** What you will do **
Could you please reproduce the entries exactly, leaving out any pictures?

** Data excerpts **
►

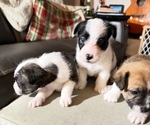 Litter of 4 - Male(s) and Female(s) Boston Terrier-Jack Russell Terrier MixLitter of Puppies for Sale - Small photo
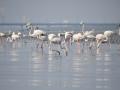 Maha seeks Ramsar status for Thane Creek, abode of Flamingos - Hindi News | Maha seeks Ramsar status for Thane Creek, abode of Flamingos | Latest maharashtra News at Lokmattimes.com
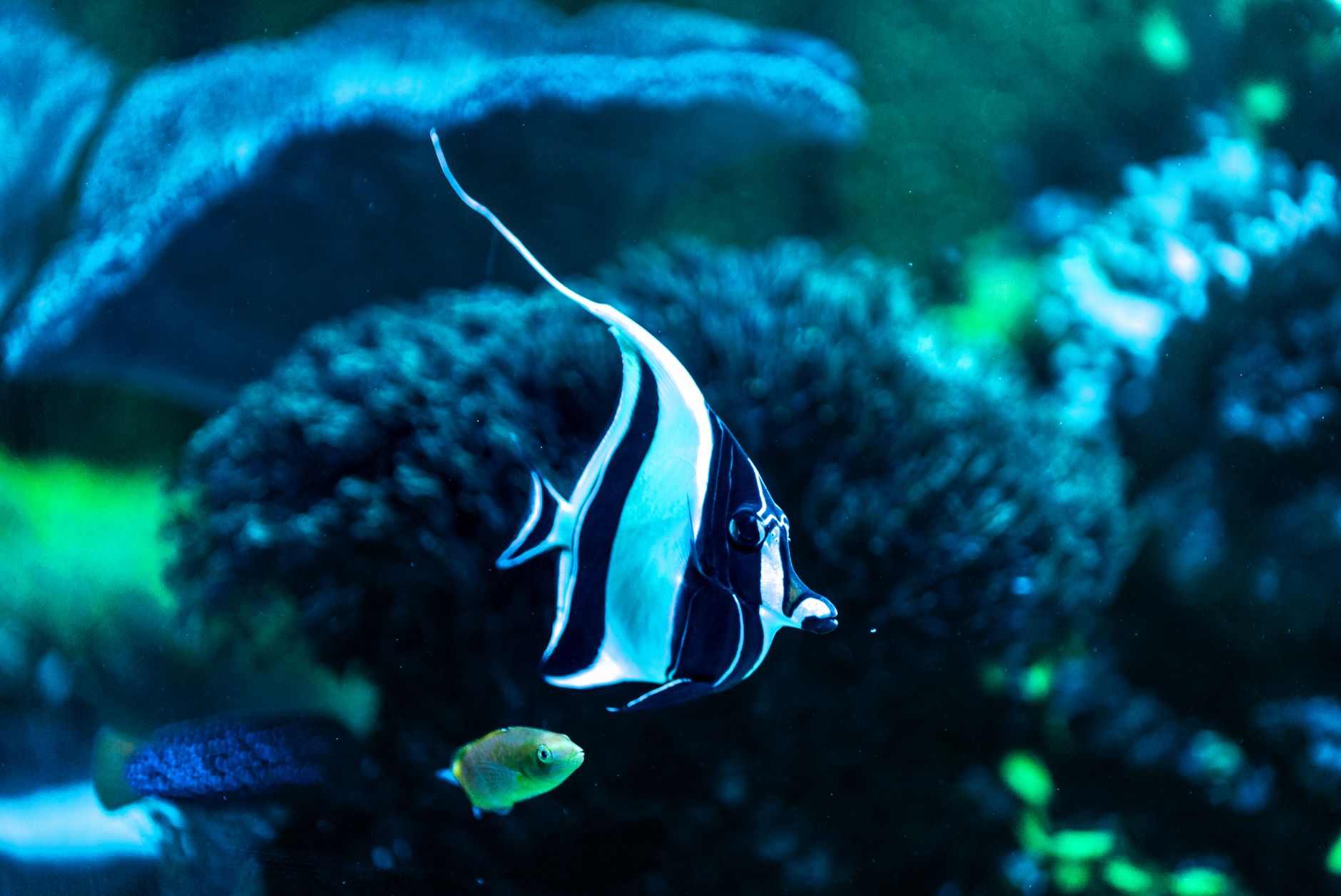 tropical fish in vibrant aquarium rio de janeiro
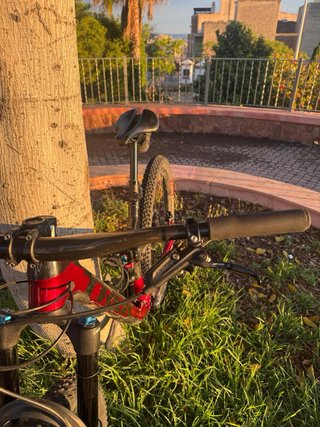 TREK FUEL Ex 9.8 FULL CARBONO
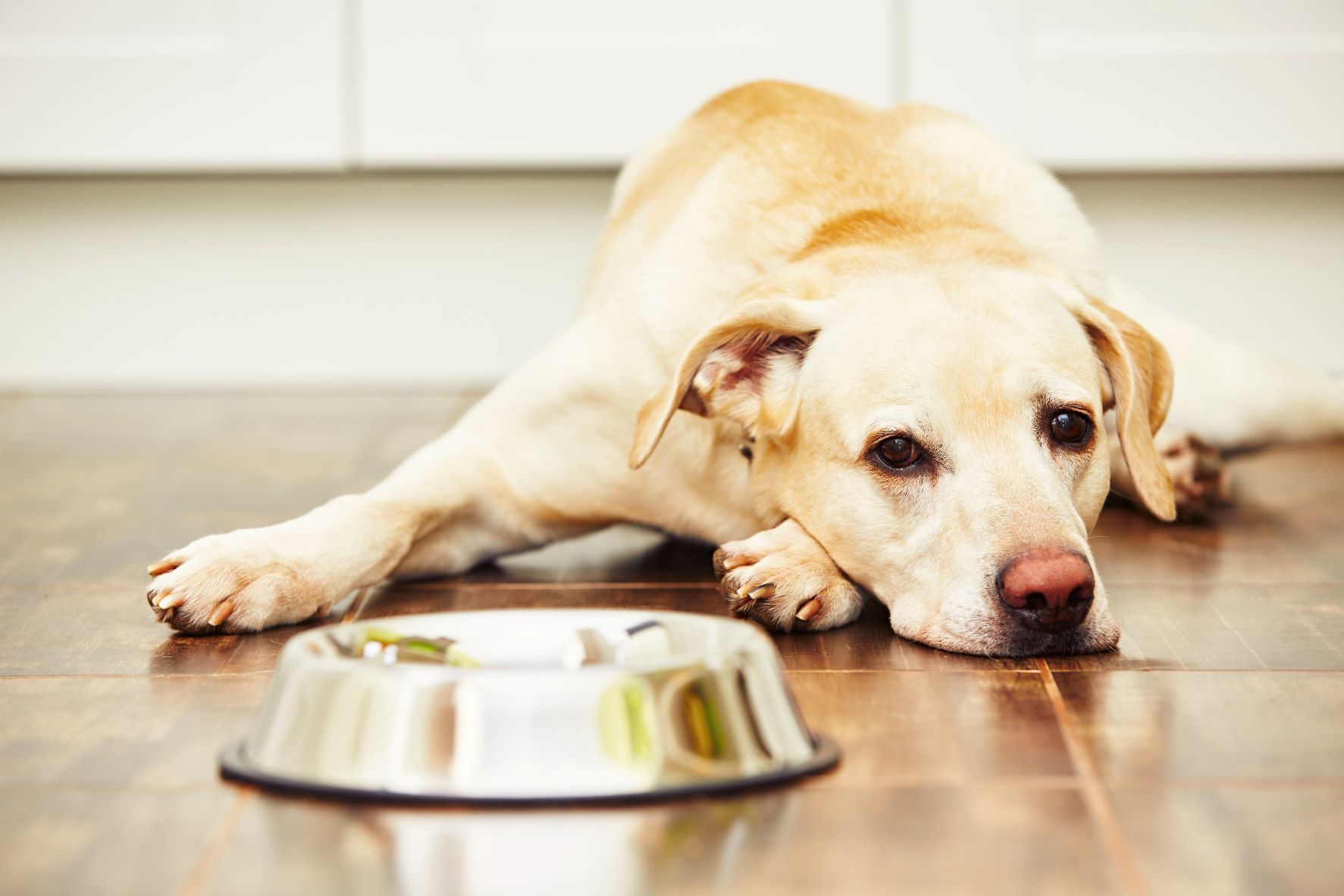 Labrador care stă cu capul pe lăbuța din față lângă un bol de mâncare gol, câinele pare bolnav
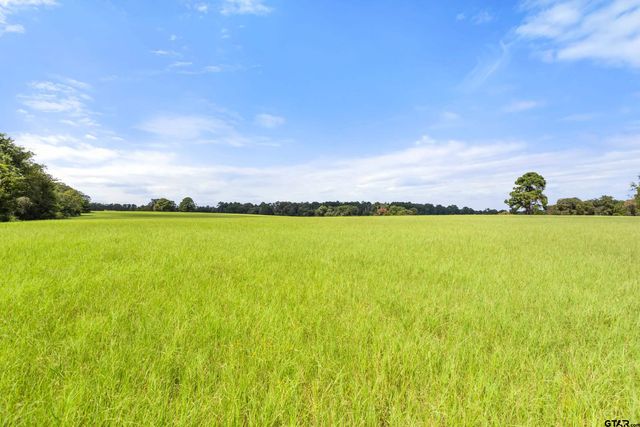 1147 N FM 346, Bullard, TX 75757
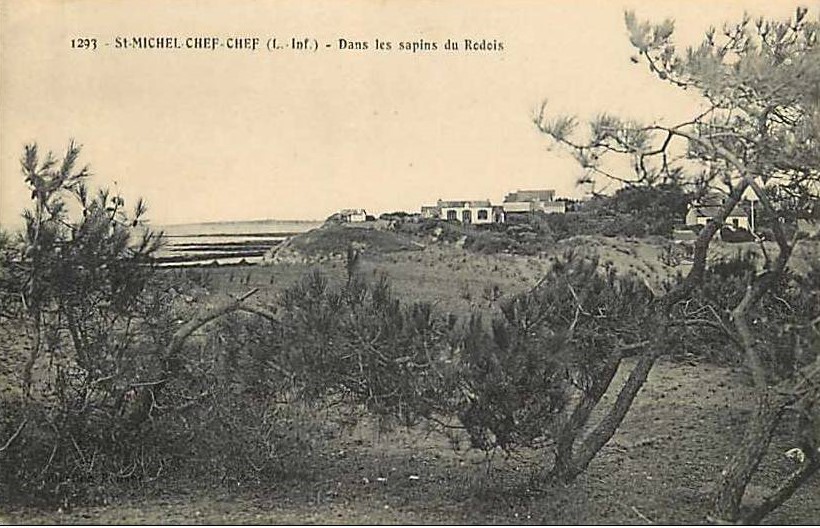 Saint-Michel-Chef-Chef - Sapins du Rodois  - Loire-Atlantique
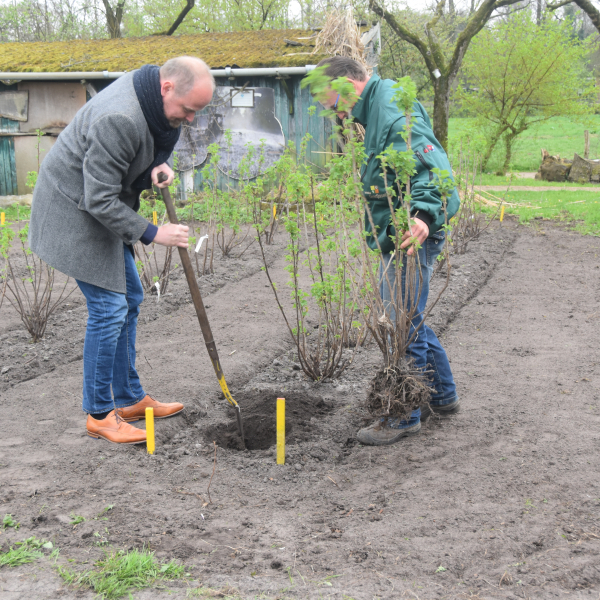 Planten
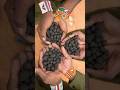 These Black Balls Can Change the World Forever 😱 #facts #hindifacts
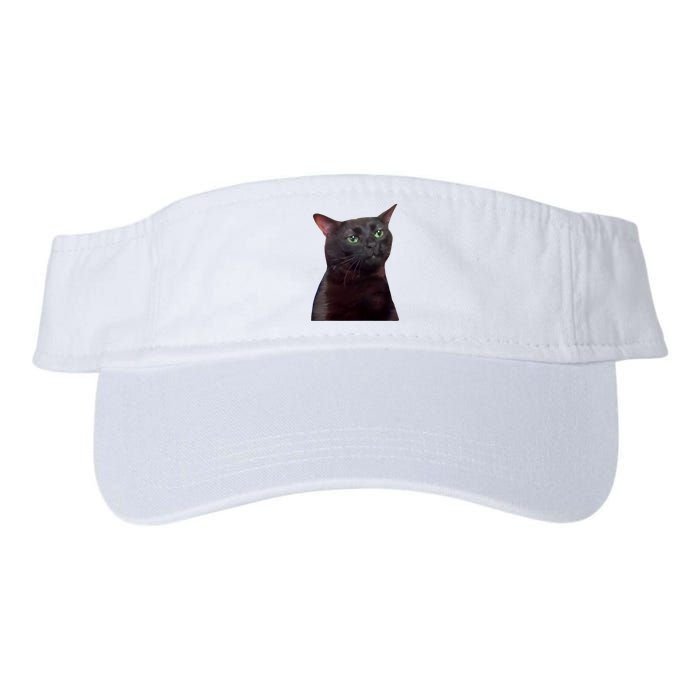 Black Cat Zoning Out Visor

◄

** Final answer **
 Litter of 4 - Male(s) and Female(s) Boston Terrier-Jack Russell Terrier MixLitter of Puppies for Sale - Small photo
 Maha seeks Ramsar status for Thane Creek, abode of Flamingos - Hindi News | Maha seeks Ramsar status for Thane Creek, abode of Flamingos | Latest maharashtra News at Lokmattimes.com
 tropical fish in vibrant aquarium rio de janeiro
 TREK FUEL Ex 9.8 FULL CARBONO
 Labrador care stă cu capul pe lăbuța din față lângă un bol de mâncare gol, câinele pare bolnav
 1147 N FM 346, Bullard, TX 75757
 Saint-Michel-Chef-Chef - Sapins du Rodois  - Loire-Atlantique
 Planten
 These Black Balls Can Change the World Forever 😱 #facts #hindifacts
 Black Cat Zoning Out Visor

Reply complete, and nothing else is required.